Speakers
Description
The development of the ecosystems for high energy physics analysis is experiencing a strong push towards the exploration of cloud-native frameworks, especially for what is considered the most interactive and plotting based “last-mile”. Along with the increasing adoption and R&D around ML-based algorithm, these are opening a request for ways to extend a Kubernetes cluster over a range of existing resources that, as matter of fact, are remote and most likely managed by a batch system of any sort (SLURM, HTCondor etc.). One of the main limitations for different models that try to address this issue is that many of the frameworks may rely on Kubernetes internal pod network to orchestrate and manage the workflows. When executed remotely (especially on a supercomputer) those containers, as per default of singularity/apptainer runtime, share the host network namespace and are only allowed to perform user-level operations, preventing the creation of any sort of network interfaces.

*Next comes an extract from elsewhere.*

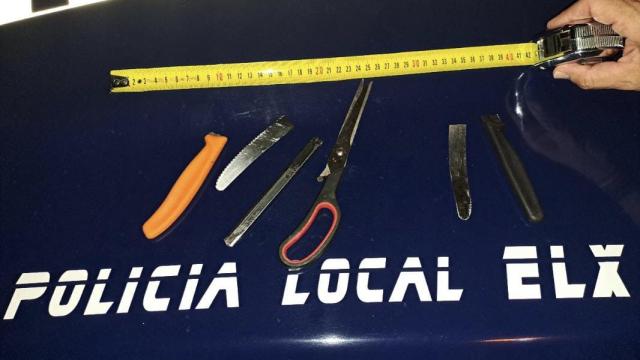 Las armas requisadas por la Policía de Elche.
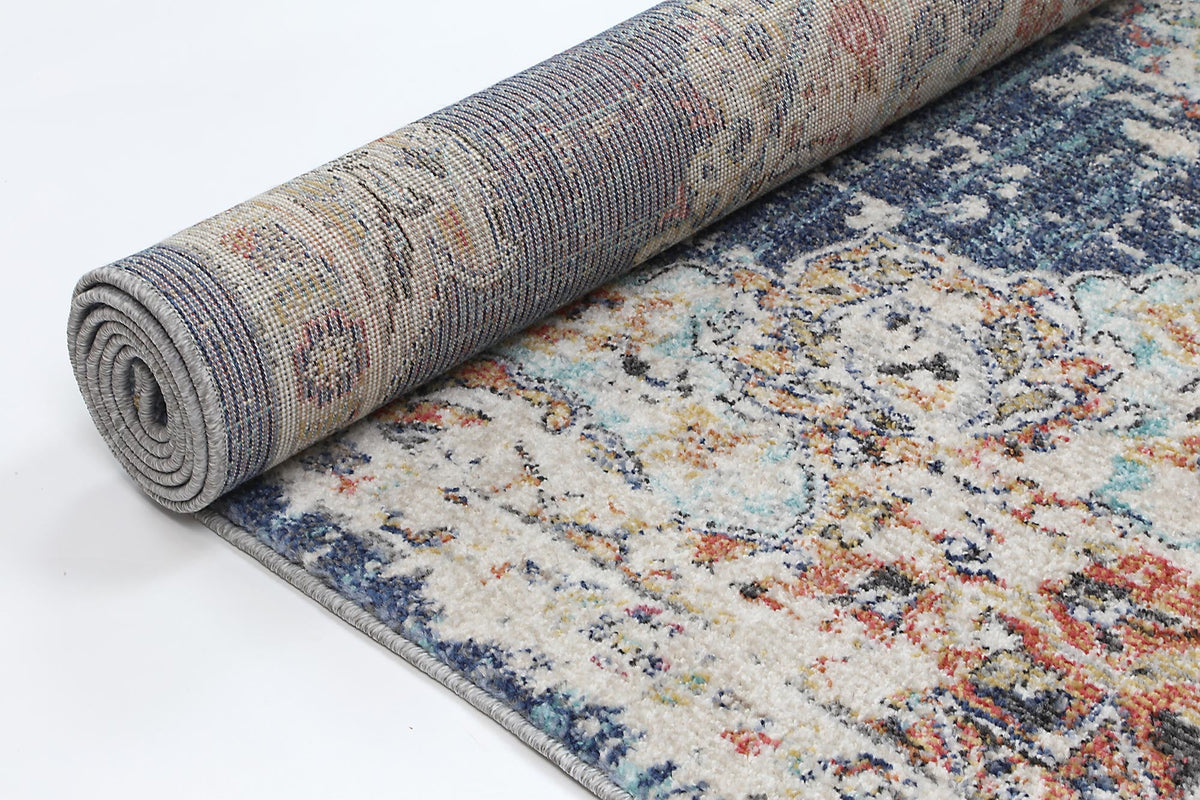Salsa Hollow Medalion Transitional Navy &amp; Multi Rug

In this presentation, we will show our experience with offloading, with InterLink, a pod execution from production-level Kubernetes clusters to a EuroHPC center like Leonardo at CINECA. All of that while preserving the pod overlay network for workflow coordination tasks, leveraging Linux Kernel network namespaces. We will show how some of the adopted frameworks (like Ray, Kubeflow, Argo workflows) can leverage such a solution, expanding the range of possibilities for a distributed exploitation of non-Kubernetes resources through a Kubernetes orchestration.